Only the stretch below from the line holding "Charlie Chaplin nach" through the line holding "New 2027 Ford" should be restated, word for word and with both ends included; pictures stay out.

PROVIDED DATA —
━━━

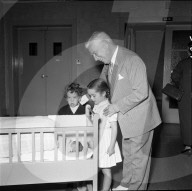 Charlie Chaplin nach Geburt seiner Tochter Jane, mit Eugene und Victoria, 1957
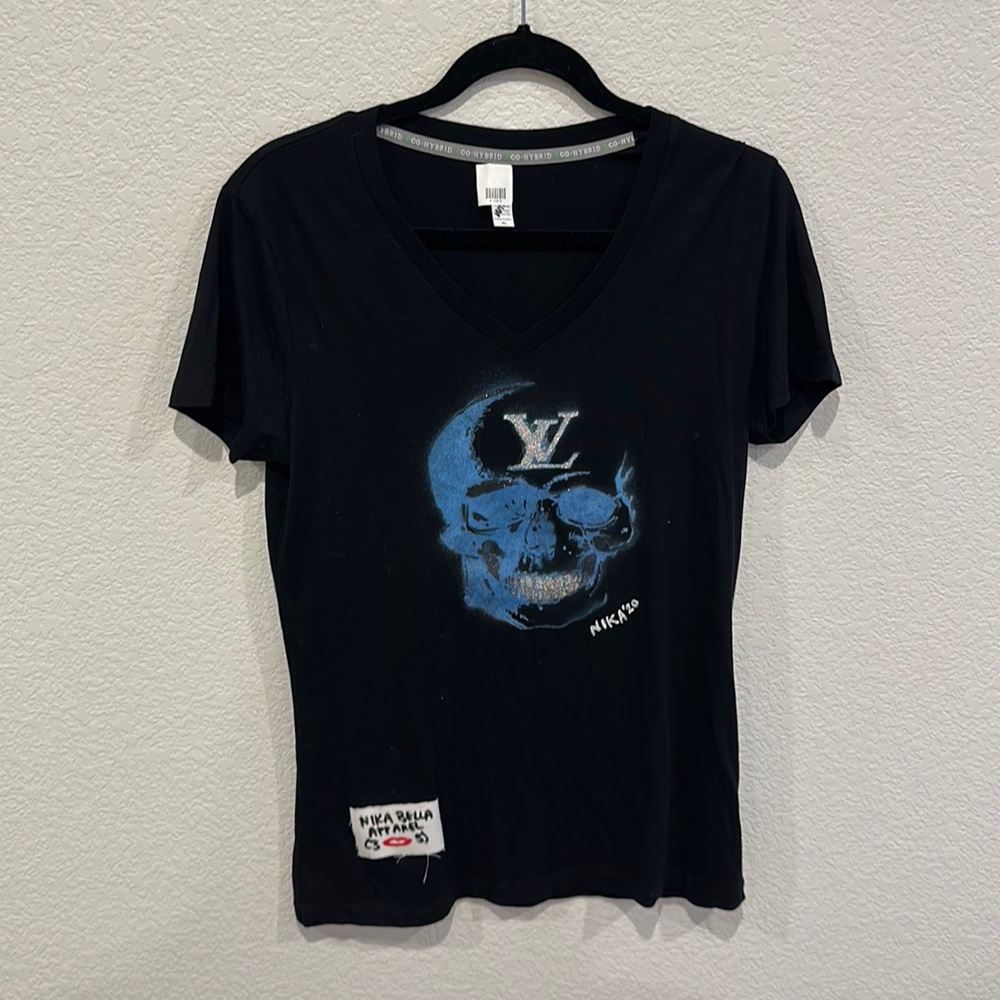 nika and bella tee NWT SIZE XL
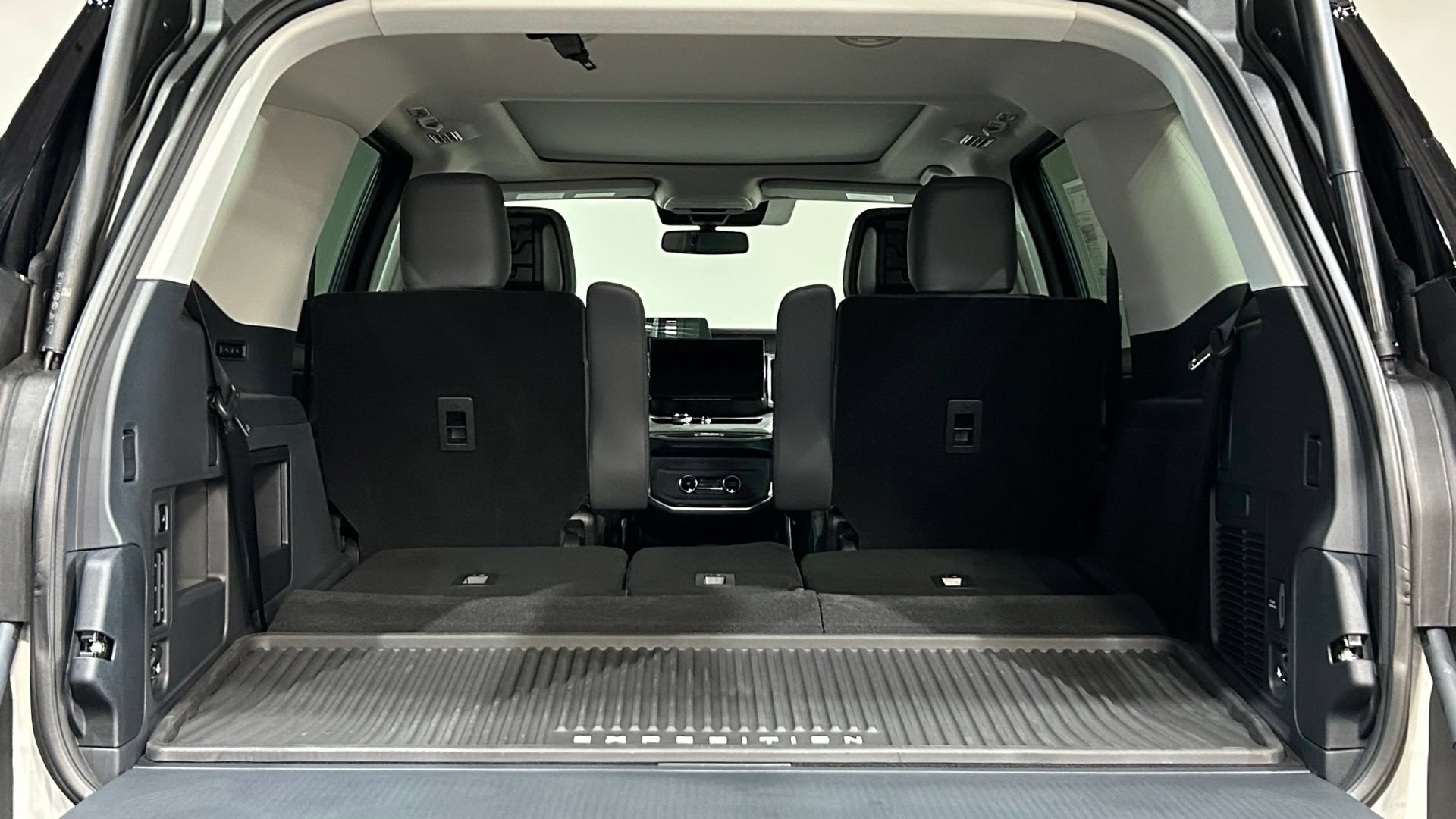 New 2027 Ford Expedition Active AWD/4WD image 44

━━━

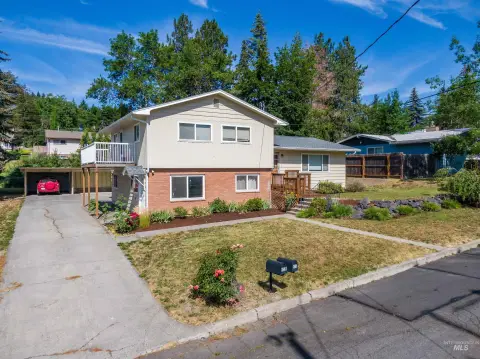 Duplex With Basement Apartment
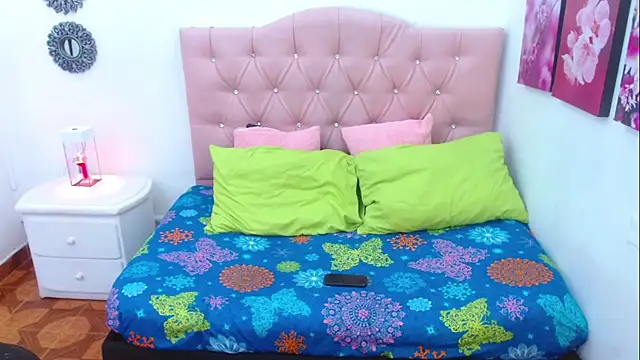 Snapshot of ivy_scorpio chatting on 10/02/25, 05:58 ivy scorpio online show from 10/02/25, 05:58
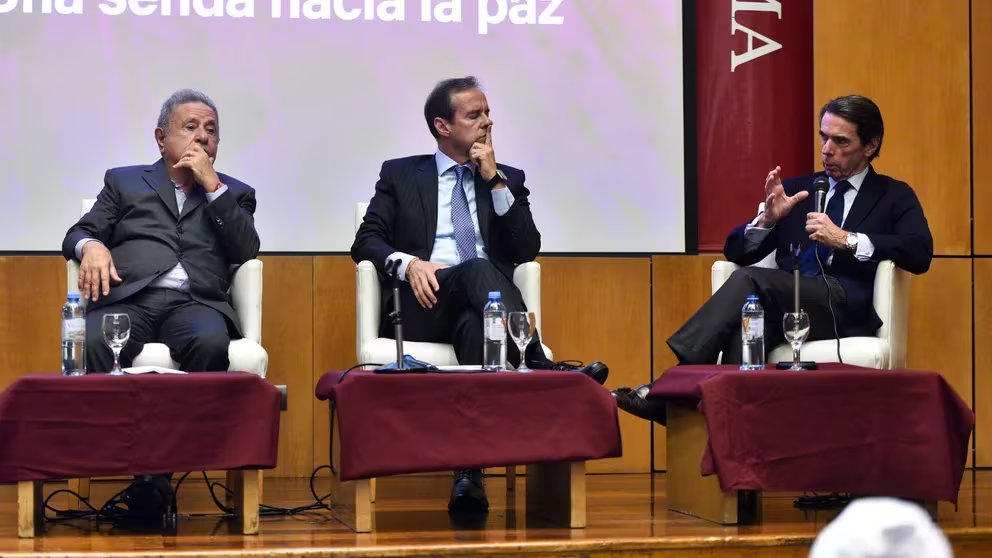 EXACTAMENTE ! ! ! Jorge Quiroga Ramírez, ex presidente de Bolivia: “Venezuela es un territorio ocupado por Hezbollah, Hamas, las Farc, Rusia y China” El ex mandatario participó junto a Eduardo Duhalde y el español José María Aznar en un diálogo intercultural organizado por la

━━━

SOLUTION FOR THIS PROBLEM —
 Charlie Chaplin nach Geburt seiner Tochter Jane, mit Eugene und Victoria, 1957
 nika and bella tee NWT SIZE XL
 New 2027 Ford Expedition Active AWD/4WD image 44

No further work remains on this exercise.